Marcia Bloom Bernicat ’75, U.S. ambassador to Bangladesh, gave the keynote speech at Lafayette’s 183rd Commencement today. Bernicat and four other guests received honorary degrees.

The text of her speech:

Congratulations to all of you.

What an honor it is to be back on the Hill, to hail the achievements of the Class of 2018 and to wish you well.  It is also a privilege and, quite frankly, intimidating to share the stage today with my fellow honorary degree recipients, all of whom have contributed so richly to our world.

I want to thank you, President Byerly, for inviting me to be this year’s Commencement speaker.  It has taken me way too long to tell you how thrilled I was when you were appointed president of Lafayette College.  As a member of only the second class of women welcomed as students to this campus—and there were only 250 of us that year—I thrilled at the news that you would be leading this extraordinary institution.  Belated congratulations.

It is really important next to recognize the family members and friends who provided guidance, encouragement—and perhaps the occasional push—that helped ensure that you graduates would be sitting here today.  Please, let’s give them our thanks and a round of applause!

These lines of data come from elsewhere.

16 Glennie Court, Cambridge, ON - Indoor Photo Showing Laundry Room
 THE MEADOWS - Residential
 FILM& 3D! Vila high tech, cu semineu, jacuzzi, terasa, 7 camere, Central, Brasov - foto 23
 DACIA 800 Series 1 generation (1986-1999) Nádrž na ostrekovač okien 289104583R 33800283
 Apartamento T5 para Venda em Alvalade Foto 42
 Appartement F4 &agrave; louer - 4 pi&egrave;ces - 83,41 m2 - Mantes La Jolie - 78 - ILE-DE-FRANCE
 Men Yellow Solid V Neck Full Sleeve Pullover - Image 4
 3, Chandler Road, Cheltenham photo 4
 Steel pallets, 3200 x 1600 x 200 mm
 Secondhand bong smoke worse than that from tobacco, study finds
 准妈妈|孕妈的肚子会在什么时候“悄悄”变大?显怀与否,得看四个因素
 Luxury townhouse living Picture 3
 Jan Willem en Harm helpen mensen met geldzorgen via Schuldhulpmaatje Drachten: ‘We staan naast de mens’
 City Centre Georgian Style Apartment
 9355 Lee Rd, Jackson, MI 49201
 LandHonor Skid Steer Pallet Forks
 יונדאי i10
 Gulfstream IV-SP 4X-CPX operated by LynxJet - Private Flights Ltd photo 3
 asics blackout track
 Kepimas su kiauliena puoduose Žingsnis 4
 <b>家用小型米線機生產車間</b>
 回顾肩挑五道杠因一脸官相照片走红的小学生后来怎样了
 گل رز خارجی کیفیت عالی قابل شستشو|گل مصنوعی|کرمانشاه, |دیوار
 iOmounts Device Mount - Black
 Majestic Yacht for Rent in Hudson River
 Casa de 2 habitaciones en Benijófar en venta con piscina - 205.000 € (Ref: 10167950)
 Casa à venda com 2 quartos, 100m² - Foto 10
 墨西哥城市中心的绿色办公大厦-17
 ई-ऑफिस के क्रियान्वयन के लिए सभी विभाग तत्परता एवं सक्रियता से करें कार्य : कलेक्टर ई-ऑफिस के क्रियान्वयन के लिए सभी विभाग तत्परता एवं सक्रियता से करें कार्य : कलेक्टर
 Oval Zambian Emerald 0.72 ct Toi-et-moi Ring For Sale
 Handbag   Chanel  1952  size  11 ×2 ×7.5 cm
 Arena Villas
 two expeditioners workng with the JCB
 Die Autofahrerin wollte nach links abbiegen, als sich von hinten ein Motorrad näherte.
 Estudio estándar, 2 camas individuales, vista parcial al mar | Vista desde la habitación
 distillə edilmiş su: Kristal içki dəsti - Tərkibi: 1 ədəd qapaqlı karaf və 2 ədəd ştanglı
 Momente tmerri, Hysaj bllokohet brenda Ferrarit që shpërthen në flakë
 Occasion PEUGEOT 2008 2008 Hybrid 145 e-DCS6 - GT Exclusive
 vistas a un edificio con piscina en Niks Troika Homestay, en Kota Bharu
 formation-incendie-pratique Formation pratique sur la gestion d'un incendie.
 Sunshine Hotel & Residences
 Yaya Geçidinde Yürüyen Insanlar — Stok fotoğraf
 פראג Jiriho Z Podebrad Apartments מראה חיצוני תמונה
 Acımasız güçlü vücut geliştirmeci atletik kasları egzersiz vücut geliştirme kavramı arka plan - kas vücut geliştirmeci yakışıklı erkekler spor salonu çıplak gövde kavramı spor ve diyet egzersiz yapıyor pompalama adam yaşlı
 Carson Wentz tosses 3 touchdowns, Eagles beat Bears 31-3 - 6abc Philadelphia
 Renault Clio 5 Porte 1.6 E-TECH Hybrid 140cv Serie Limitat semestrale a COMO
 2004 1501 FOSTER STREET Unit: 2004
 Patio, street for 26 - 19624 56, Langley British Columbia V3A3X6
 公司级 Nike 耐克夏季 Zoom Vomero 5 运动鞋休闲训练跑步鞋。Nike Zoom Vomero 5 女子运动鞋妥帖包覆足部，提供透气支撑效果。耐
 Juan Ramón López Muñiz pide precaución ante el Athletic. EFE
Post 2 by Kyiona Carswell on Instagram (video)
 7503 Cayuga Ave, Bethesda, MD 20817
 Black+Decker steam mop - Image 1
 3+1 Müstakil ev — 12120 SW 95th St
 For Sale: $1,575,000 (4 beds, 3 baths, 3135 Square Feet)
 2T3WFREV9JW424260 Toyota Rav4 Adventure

Sitting where you are, ahem, a few years ago—at least it feels that way some days—I wanted someone to tell me that they expected me to make this a better world, and I’m sure that was, at least in part, what our commencement speaker, former Attorney General Elliot Richardson said, but I honestly do not remember.

So, while you may not remember in years to come, I would like to tell you that I have been really blessed in very many ways.  One is that, thanks to being a diplomat, I get to tell my story on a regular basis.  Some days I don’t think it is so extraordinary, but most days I cannot believe how amazing a ride it has been.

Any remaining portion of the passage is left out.